I have a problem with calculating Cook Distance (I'm trying to understand it).
Ok so here is the task and my 'solution'. I'm asking for comment, is it ok, or what do I wrong.
We have simple linear model for $10$ observations $Y =b_0+ b_1X_1 + b_2X_2 + b_3X_3$, where $X_1$ and $X_2$ are numbers and $X_3$ can be $Z$ or $D$.
And the result of the model is:
(intercept) $18,1422$
$X_1$: $-0,6349$
$X_2$: $-0,1577$
$X_3 Z$: $-0,3828$
We also know $RSS=0,81632$ and leverages $h_{ii} = (0,68894\; 0,45208\; 0,53916\; 0,26537\; 0,32897\; 0,34334\; 0,28986\; 0,23839\; 0,58853\; 0,26537)$
My task is to calculate Cook's Distance for first observation : $Y_1=6$ and $X_1=12$, $X_2=25$, $X_3=Z$.
So, I've started from searching the formula for Cook's Distance: $D_1=\frac{(y_1-\hat{y_1})^2}{k \cdot MSE}\cdot \frac{h_{11}}{(1-h_{11})^2}$.

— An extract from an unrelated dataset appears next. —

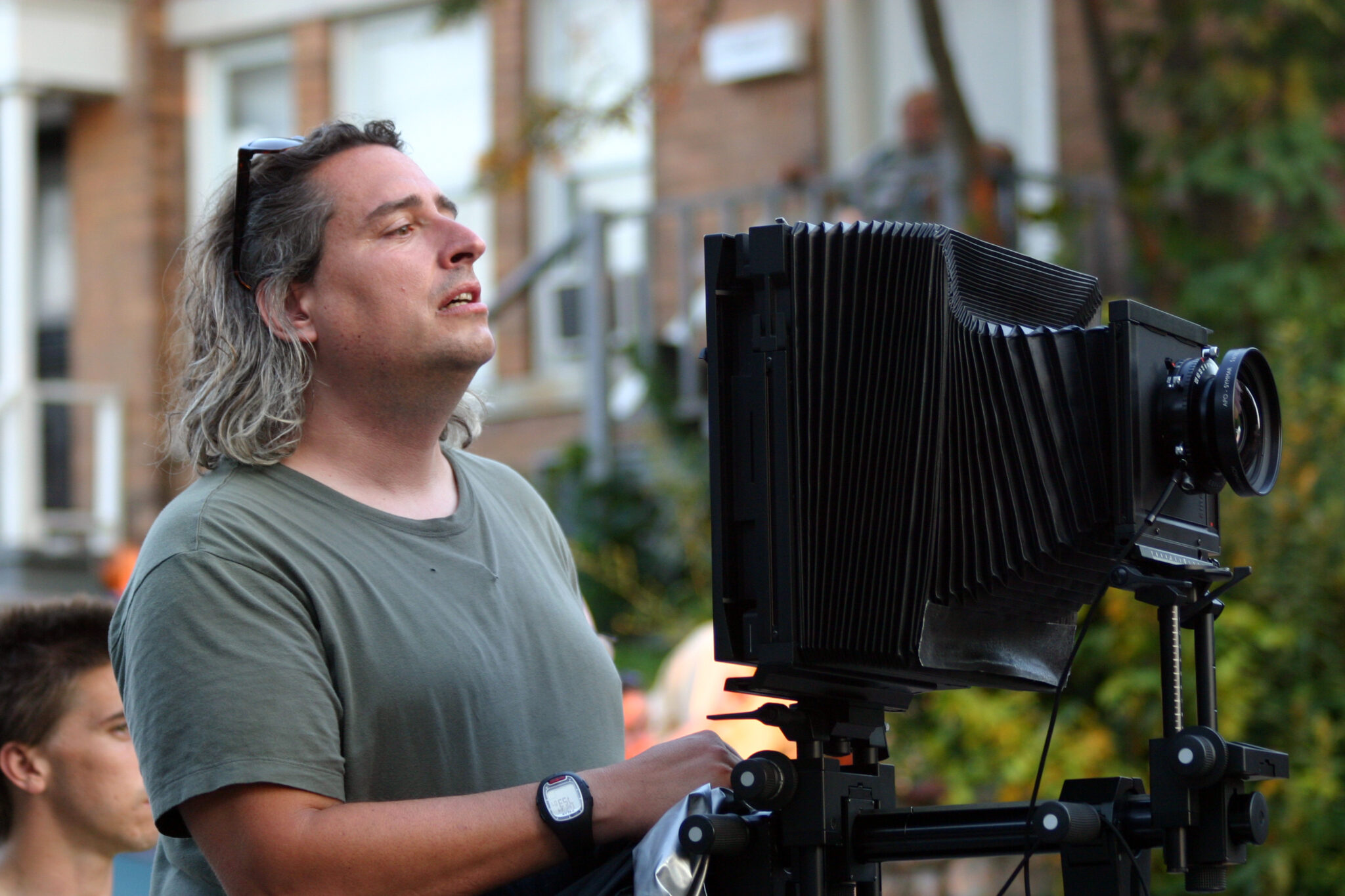 Gregory Crewdson sur le plateau, derrière sa chambre 8x10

Then I calculate $\hat{y_1}=18,1422 -0,6349 \cdot 12 -0,1577 \cdot 25 -0,3828 = 6,1981$ Next $MSE=\frac{RSS}{10}=0,081632$
We have $k=3$ and $h_{11}=0,68894$.
Using the formula above we have finally: $D_1=1,1408$
My questions are:
Is it a good solution?
Can Cook Distance be greater than $1$?
$k$ will be $4$ not $3$, number of parameters in the full model. $Y1$ estimate should be obtained using model fitted ignoring the first observation as you are interested in finding the influence of the first observation.